The logistics manager couldn't answer these questions, which Hoffman says is what made the light bulb go on: "Then you can have a real, honest conversation that isn't personal." In such situations, he takes pains to explain why the company needs a different type, or level, of expertise. "If you allow them to understand your needs and why it's important, nine times out of 10, they want the company to be successful," he says. He doesn't cut anyone's pay, but he does not hesitate to recruit the talent the company needs. The original employees get someone to learn from and can keep doing the things at which they are best. As Black Elk has grown, he has hired senior people in nearly every department.

Black Elk manages 98 fields and has $340 million in revenue. There are six people in its logistics department, including a senior executive recruited from the giant JX Nippon Oil & Gas Exploration. The original logistics manager is still with the company. Hoffman has had conversations similar to those he had with his logistics manager with about a dozen people in all departments. "We have zero attrition," he says. "So I think we're managing the right way."

2. You Wait Too Long to Hire

Scenario: Demand is surging. Where are the employees to handle it?

It's only natural for new hires to feel some pressure. But at FM Facility Maintenance, which runs facilities for companies with multiple locations, new account managers seemed to be having an extra-tough time adjusting. And the customer experience, CEO Jim Reavey thought, was beginning to suffer.

The problem, Reavey decided, was that he was hiring reactively. The solution: He now brings on account managers about 120 days before he truly needs them. That way, the new employees have plenty of time to absorb FM's culture and shadow an existing account manager before they get started.

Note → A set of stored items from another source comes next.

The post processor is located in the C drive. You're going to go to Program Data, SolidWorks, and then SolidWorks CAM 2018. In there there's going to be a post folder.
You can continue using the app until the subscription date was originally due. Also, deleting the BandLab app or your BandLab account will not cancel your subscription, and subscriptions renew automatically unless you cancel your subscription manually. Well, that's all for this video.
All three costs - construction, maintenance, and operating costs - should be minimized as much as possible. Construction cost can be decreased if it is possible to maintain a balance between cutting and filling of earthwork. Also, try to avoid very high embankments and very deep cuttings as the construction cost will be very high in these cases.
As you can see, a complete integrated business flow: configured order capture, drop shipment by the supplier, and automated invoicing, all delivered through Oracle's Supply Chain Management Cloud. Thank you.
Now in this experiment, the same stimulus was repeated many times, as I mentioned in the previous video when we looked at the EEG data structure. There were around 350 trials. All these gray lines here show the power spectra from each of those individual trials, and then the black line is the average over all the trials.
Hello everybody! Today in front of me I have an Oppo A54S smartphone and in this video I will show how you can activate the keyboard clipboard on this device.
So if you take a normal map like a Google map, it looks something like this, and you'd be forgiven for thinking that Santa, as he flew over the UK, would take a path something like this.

According to Kunkle's research, most high-growth companies would benefit from a similar strategy. Still, it isn't easy. Reavey, for instance, tries to coordinate hiring with the deals he has in the sales pipeline, but if sales slow down or a big deal fails to materialize, those people do represent an added investment.

One way of addressing this problem, says Kunkle, is to follow what he calls the Chuck Noll approach, named for the acclaimed Pittsburgh Steelers coach. Noll always sought the best overall athletes rather than the best candidates for particular positions, reasoning that a great athlete can be trained to play a variety of positions. This works for entrepreneurs, says Kunkle, because they often have to hire before they know exactly what the new person will be doing or when he or she will be needed. By the time entrepreneurs realize exactly what they need, then start searching for someone to do it, it's often too late.

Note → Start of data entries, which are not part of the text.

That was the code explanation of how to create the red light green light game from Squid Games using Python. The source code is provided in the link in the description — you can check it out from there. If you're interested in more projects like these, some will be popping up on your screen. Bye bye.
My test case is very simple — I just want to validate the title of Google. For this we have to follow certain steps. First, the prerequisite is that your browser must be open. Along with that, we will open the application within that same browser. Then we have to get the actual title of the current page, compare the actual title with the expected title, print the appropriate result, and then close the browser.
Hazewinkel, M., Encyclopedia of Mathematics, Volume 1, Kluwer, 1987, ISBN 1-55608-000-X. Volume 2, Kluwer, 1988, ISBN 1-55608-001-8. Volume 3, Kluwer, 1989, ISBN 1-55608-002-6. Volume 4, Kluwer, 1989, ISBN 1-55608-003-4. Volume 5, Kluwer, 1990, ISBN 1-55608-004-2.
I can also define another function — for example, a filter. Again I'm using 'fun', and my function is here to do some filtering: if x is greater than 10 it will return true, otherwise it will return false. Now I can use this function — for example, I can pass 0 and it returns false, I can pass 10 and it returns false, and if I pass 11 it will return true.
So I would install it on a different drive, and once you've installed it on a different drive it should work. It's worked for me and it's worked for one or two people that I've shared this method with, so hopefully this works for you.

For Reavey, the best performers come from the military. He uses recruiters who specialize in veterans returning from Iraq and Afghanistan. They are trained in leadership and mentoring. And stress is never much of a problem. "They're great when things don't go their way," Reavey says. "When things get really busy, they don't panic. They keep their teams calm and focused on the customer."

Since 2008, revenue has grown to $350 million from $37 million. Reavey says FM's customers do not appear to have noticed the common backgrounds of many of his recruits. But he gives the new staff members the bulk of the credit for FM's success. After all, he says, "When you're in a pressure situation, it's never as much pressure as bullets getting shot at you."